Nelore: Bring on the meat.
Nelore: Bring on the meat.
Troy Fields

Carne Carnival

Igor's eyes widened when the rare rib eyes stopped by our table. At Nelore Churrascaria, the new Brazilian steak house on Montrose, waiters in gaucho outfits parade around the restaurant with hot, freshly grilled meats on swords. "Sure, I'll try some of that," he said. And the guy in the puffy pants quickly carved him off a slice. Four different kinds of meat were already stacked up on Igor's plate, but it was the first time he had ever been to a Brazilian steak house, and he was afraid of missing something.
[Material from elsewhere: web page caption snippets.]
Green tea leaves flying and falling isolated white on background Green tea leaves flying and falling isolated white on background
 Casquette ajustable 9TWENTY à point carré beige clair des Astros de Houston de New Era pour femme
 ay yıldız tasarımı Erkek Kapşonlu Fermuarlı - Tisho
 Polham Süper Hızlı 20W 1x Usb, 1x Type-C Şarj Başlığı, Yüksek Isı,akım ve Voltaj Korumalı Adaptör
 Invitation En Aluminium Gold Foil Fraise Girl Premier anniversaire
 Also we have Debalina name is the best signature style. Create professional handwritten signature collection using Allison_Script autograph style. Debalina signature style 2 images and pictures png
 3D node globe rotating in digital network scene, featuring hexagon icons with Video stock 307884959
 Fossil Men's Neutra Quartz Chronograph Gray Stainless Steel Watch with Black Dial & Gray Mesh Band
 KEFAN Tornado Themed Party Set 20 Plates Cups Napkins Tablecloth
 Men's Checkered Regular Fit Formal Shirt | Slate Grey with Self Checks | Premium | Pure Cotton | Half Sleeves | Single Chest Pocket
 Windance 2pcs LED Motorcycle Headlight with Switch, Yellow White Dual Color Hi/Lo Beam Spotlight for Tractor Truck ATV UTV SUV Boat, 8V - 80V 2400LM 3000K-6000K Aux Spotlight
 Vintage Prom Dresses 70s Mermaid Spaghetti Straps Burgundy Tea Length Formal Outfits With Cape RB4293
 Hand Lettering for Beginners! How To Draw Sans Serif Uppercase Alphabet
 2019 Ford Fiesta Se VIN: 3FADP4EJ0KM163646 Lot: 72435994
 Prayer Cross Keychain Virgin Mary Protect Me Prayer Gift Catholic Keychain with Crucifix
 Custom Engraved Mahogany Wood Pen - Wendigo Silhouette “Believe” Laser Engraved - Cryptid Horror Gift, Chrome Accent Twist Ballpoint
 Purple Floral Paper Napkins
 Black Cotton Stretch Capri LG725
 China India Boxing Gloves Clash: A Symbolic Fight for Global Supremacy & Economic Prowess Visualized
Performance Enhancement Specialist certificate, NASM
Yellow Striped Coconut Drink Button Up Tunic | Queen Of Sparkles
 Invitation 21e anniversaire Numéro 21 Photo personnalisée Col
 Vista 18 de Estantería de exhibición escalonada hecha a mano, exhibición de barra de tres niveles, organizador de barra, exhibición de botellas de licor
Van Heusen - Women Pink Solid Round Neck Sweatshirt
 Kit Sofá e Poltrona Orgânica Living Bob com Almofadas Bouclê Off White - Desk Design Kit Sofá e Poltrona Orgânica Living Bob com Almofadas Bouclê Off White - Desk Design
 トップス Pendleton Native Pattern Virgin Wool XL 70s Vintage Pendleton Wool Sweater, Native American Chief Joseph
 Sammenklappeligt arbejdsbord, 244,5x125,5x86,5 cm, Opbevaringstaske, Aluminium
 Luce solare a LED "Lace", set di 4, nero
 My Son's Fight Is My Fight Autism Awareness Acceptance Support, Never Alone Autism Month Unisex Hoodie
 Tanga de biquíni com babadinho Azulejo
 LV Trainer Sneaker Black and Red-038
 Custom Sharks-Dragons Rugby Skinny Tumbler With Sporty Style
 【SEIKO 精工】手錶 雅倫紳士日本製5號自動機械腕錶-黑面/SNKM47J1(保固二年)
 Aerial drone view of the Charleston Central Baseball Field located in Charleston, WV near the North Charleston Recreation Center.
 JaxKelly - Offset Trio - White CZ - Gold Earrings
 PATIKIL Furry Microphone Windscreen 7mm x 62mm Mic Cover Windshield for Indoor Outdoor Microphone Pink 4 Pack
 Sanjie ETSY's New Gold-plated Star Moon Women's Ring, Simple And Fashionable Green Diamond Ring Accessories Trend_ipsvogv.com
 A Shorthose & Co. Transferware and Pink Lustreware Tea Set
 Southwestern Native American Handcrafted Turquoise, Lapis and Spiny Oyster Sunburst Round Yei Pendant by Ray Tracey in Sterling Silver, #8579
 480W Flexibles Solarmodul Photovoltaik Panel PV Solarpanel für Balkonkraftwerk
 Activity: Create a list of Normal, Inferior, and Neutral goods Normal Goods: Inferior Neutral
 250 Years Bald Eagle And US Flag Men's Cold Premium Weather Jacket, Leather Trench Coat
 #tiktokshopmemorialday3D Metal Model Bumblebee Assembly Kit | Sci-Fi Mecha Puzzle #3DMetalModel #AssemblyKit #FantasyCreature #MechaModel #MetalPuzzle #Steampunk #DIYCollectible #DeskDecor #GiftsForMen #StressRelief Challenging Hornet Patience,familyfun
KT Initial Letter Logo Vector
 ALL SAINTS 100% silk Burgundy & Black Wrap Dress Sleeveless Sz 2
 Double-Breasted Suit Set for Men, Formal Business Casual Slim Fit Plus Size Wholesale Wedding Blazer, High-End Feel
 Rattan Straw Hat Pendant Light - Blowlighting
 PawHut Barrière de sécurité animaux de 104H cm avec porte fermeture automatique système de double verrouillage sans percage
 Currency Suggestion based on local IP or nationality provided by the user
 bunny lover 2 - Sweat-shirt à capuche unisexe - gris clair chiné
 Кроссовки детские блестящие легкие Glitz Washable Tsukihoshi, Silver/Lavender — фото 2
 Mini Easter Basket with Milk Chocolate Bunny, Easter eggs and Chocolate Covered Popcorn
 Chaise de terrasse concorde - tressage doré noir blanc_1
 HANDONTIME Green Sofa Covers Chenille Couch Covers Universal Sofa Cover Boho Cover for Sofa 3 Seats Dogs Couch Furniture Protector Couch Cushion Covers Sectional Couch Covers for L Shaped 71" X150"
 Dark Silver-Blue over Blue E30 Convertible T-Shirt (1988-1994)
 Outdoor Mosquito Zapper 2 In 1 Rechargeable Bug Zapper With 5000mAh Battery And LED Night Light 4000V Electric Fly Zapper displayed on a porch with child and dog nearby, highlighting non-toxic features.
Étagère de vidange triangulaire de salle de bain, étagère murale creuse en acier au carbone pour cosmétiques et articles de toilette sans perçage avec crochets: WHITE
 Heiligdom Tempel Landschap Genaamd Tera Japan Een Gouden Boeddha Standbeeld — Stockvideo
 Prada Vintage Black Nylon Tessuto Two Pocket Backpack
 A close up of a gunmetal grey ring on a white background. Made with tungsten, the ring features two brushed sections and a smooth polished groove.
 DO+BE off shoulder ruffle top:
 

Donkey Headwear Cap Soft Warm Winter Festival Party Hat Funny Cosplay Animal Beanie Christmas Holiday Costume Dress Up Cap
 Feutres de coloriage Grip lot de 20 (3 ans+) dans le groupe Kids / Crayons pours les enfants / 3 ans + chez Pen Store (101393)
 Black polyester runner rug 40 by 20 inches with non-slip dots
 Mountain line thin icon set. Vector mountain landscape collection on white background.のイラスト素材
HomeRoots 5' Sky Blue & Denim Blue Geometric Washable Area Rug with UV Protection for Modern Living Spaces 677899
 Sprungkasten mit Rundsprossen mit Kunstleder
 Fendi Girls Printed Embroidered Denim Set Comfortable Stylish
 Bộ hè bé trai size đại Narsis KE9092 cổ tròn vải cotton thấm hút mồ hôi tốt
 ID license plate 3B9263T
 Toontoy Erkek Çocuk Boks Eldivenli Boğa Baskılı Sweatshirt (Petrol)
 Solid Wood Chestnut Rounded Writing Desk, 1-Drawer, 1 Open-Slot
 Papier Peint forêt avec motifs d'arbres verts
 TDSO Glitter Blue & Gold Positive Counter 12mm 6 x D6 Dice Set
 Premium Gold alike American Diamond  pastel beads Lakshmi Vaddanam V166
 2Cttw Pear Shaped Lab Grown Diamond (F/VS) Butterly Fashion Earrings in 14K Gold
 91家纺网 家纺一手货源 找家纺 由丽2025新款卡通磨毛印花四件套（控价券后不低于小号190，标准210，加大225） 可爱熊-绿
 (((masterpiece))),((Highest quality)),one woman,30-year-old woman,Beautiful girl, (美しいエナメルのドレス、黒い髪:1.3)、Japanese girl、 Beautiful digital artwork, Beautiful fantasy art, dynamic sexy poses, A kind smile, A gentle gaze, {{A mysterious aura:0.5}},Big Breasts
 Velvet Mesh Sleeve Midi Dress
Meat lust is not pretty. But I suspect it grips all true carnivores on their first visit to a churrascaria. All that hot, dripping, bloody beefsteak, shimmering sausage and crusty tenderloin sends a steak aficionado into a frenzy of overordering. I know, I've been there. The first word of Portuguese you need to learn in order to optimize your churrascaria experience is não.

Actually, they provide you with a little stop sign that says it for you. There's a coaster beside every diner that can be flipped to the green side or the red side, signaling the servers when to bring on the roast beast and when to give you a break. But sometimes, when the smell of steak is in the air, it's hard to flip it over to red and rein yourself in.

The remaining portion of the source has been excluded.